Selected Papers
- "A Puzzle About Rational Desire"
The following four assumptions plausibly describe the ideal rational agent.
(1) She desires to believe only truths. (2) She knows what her beliefs are.
(3) She does not both desire that P and desire that ~P, for any P. (4)
Whenever she desires that P→Q and knows that P, she desires that Q.
Although the assumptions are plausible, they have an implausible
consequence. They imply that the ideal rational agent never believes and
desires contradictory propositions. She never desires the world to be any
different than she thinks it is. Preserving our intuitions about desire,
without embracing the implausible conclusion, is what I call “the Wishful
Thinking Puzzle.” In this paper, I examine how this puzzle arises and I
argue that it is surprisingly difficult to solve. Even the decision
theoretic conception of desire is not immune to the puzzle.

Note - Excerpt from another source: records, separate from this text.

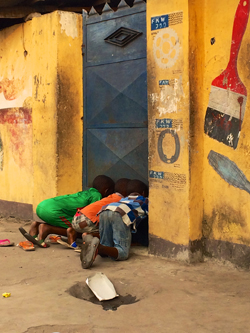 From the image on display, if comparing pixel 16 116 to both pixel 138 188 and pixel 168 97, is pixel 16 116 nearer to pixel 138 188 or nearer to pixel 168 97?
pixel 138 188

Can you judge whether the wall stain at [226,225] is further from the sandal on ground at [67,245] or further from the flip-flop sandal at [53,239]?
the flip-flop sandal at [53,239]

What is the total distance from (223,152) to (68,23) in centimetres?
293

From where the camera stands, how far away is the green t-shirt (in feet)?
16.2

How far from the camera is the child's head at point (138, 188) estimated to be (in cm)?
488

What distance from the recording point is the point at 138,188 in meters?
4.88

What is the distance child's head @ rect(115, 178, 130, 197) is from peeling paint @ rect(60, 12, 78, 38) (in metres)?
2.10

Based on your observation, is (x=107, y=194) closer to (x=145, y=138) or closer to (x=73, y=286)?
(x=145, y=138)

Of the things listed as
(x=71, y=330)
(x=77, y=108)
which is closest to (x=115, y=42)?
(x=77, y=108)

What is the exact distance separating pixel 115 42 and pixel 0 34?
2.40 m

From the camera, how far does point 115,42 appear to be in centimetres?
525

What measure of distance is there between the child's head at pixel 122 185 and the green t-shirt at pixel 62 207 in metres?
0.24

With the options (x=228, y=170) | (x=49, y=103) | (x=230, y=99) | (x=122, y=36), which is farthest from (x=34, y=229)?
(x=230, y=99)

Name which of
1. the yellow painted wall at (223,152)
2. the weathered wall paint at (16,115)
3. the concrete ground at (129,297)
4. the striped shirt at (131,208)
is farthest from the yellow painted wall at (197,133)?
the weathered wall paint at (16,115)

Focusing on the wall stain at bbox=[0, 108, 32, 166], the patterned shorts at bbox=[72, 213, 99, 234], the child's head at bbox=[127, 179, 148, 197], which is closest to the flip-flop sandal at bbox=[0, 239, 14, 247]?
the patterned shorts at bbox=[72, 213, 99, 234] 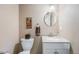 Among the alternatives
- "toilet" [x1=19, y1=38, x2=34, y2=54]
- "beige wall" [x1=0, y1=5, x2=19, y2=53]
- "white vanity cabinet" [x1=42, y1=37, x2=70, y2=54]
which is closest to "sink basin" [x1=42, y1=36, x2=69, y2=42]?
"white vanity cabinet" [x1=42, y1=37, x2=70, y2=54]

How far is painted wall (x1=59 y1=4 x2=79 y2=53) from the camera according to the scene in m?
1.44

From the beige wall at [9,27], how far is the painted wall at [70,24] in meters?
0.52

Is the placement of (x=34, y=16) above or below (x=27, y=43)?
above

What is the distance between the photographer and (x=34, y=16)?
56.5 inches

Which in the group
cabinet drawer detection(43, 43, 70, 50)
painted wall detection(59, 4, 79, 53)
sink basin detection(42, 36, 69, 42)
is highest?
painted wall detection(59, 4, 79, 53)

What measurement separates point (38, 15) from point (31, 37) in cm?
27

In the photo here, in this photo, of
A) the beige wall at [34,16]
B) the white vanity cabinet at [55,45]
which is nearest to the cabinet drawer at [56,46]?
the white vanity cabinet at [55,45]

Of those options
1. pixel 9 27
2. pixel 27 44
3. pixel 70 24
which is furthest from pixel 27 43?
pixel 70 24

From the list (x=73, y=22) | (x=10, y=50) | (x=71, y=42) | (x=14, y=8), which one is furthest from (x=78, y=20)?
(x=10, y=50)

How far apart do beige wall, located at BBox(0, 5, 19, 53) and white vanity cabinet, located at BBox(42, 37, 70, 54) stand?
0.34 metres

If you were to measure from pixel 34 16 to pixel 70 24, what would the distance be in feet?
1.43

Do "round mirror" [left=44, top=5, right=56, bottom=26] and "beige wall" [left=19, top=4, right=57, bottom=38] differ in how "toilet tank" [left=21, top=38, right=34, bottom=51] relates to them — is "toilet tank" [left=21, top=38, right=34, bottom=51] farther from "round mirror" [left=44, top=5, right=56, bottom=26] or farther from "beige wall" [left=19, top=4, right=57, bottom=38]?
"round mirror" [left=44, top=5, right=56, bottom=26]

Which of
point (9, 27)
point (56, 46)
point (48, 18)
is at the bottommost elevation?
point (56, 46)

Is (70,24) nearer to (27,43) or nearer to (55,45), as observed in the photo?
(55,45) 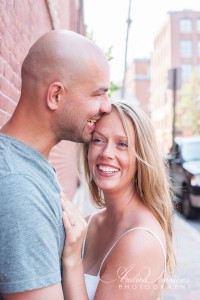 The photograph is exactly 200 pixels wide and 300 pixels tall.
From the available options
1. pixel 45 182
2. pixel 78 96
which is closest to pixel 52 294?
pixel 45 182

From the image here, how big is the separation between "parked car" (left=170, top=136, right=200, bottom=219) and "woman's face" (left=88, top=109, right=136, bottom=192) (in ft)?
19.8

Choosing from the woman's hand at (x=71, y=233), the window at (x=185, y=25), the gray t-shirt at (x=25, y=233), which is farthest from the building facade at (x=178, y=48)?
the gray t-shirt at (x=25, y=233)

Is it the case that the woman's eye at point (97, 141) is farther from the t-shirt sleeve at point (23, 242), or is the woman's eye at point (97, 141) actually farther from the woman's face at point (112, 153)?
the t-shirt sleeve at point (23, 242)

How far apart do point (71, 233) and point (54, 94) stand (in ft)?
1.94

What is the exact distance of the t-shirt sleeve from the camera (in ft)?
4.25

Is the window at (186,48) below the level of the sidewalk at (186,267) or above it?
above

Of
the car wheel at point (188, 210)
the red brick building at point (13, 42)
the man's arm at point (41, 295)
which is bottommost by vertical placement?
the car wheel at point (188, 210)

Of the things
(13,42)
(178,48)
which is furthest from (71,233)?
(178,48)

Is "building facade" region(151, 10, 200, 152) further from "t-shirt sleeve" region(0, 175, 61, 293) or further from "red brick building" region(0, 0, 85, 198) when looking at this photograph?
"t-shirt sleeve" region(0, 175, 61, 293)

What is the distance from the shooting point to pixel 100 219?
262cm

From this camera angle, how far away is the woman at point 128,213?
1.87 m

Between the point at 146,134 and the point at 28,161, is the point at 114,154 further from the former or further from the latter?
the point at 28,161

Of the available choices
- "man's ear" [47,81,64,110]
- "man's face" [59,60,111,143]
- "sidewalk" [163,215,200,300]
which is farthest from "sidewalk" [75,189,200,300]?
"man's ear" [47,81,64,110]

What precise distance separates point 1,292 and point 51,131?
2.27ft
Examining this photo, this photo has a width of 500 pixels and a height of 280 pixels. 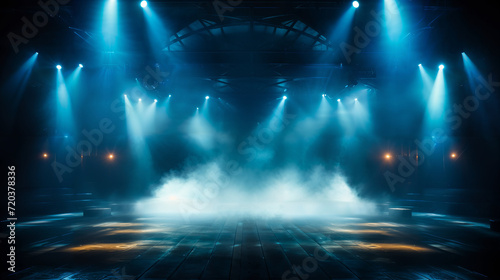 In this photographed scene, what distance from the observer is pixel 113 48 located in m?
15.5

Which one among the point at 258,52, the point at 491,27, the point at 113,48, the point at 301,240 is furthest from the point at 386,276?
the point at 113,48

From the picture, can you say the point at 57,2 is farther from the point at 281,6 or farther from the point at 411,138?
the point at 411,138

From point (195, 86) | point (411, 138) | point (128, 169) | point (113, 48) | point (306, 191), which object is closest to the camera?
point (113, 48)

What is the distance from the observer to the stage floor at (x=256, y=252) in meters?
6.94

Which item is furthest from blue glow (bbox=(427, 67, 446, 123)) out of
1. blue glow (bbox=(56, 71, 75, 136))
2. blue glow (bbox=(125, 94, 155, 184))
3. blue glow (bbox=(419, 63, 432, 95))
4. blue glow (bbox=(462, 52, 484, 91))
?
blue glow (bbox=(56, 71, 75, 136))

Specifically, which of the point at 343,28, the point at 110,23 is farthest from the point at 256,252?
the point at 110,23

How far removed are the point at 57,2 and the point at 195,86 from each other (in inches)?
421

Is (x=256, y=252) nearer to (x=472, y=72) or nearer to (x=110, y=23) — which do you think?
(x=110, y=23)

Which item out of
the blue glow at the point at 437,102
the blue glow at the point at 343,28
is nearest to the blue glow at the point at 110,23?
the blue glow at the point at 343,28

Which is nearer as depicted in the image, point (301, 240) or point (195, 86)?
point (301, 240)

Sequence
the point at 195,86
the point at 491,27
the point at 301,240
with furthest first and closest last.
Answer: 1. the point at 195,86
2. the point at 491,27
3. the point at 301,240

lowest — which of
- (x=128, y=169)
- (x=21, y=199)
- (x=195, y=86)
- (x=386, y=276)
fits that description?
(x=386, y=276)

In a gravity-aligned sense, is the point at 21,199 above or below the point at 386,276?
above

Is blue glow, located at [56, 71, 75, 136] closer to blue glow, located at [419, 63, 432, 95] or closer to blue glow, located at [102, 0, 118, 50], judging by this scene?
blue glow, located at [102, 0, 118, 50]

As I argue, the
contrastive conception of desire avoids the puzzle, but that view is not
worked out in enough detail to win our full confidence. - "Rationality for Ostriches,
Wishful Thinkers and Other Deviants"
An earlier version of "A Puzzle About Rational Desire" - "Hypothetical and Categorical Epistemic
Normativity"
In this paper, I consider an argument of Harvey Siegel's according to
which there can be no hypothetical normativity anywhere unless there
is categorical normativity in epistemology. The argument fails because it
falsely assumes people must be bound by epistemic norms in order to have
justified beliefs. (Revised version in: The Southern Journal
of Philosophy, Summer 2004)
- "Truth and Other Self-effacing
Properties"
Colin McGinn (2000) introduces the idea of a self-effacing property, a
property that can be defined without referring to it in any way. He also
claims that truth is the one and only such property. This paper shows
that, if truth is a self-effacing property, then there are too many others
to constitute a set. (Revised version in: The Philosophical
Quarterly, October 2004)
- "Pragmatism, Truth, and Inquiry"
Such Pragmatists as Richard Rorty argue that truth is not a goal of
inquiry. There is no practical difference, they say, between "pursuing
truth" and trying to be as persuasive as one can be, and so there is no
good reason to posit truth as a distinct goal, over and above
persuasiveness. I argue that there is a practical difference
between pursuing truth and trying to be persuasive, and so even
pragmatists can maintain that truth is a legitimate goal of inquiry, over
and above mere justification or persuasiveness. (Revised version in:
Contemporary Pragmatism, June 2005.)
- "Why There are no Epistemic Duties"
An epistemic duty would be a duty to believe, disbelieve, or withhold
judgment from a proposition, and it would be grounded in purely
evidential or epistemic considerations. If I promise to believe it is raining,
my duty to believe is not epistemic. If my evidence is so good
that, in light of it alone, I ought to believe it is raining, then my duty
to believe supposedly is epistemic. I offer a new argument for the claim
that there are no epistemic duties. Though people do sometimes have
duties to believe, disbelieve, or withhold judgment from propositions,
those duties are never grounded in purely epistemic considerations.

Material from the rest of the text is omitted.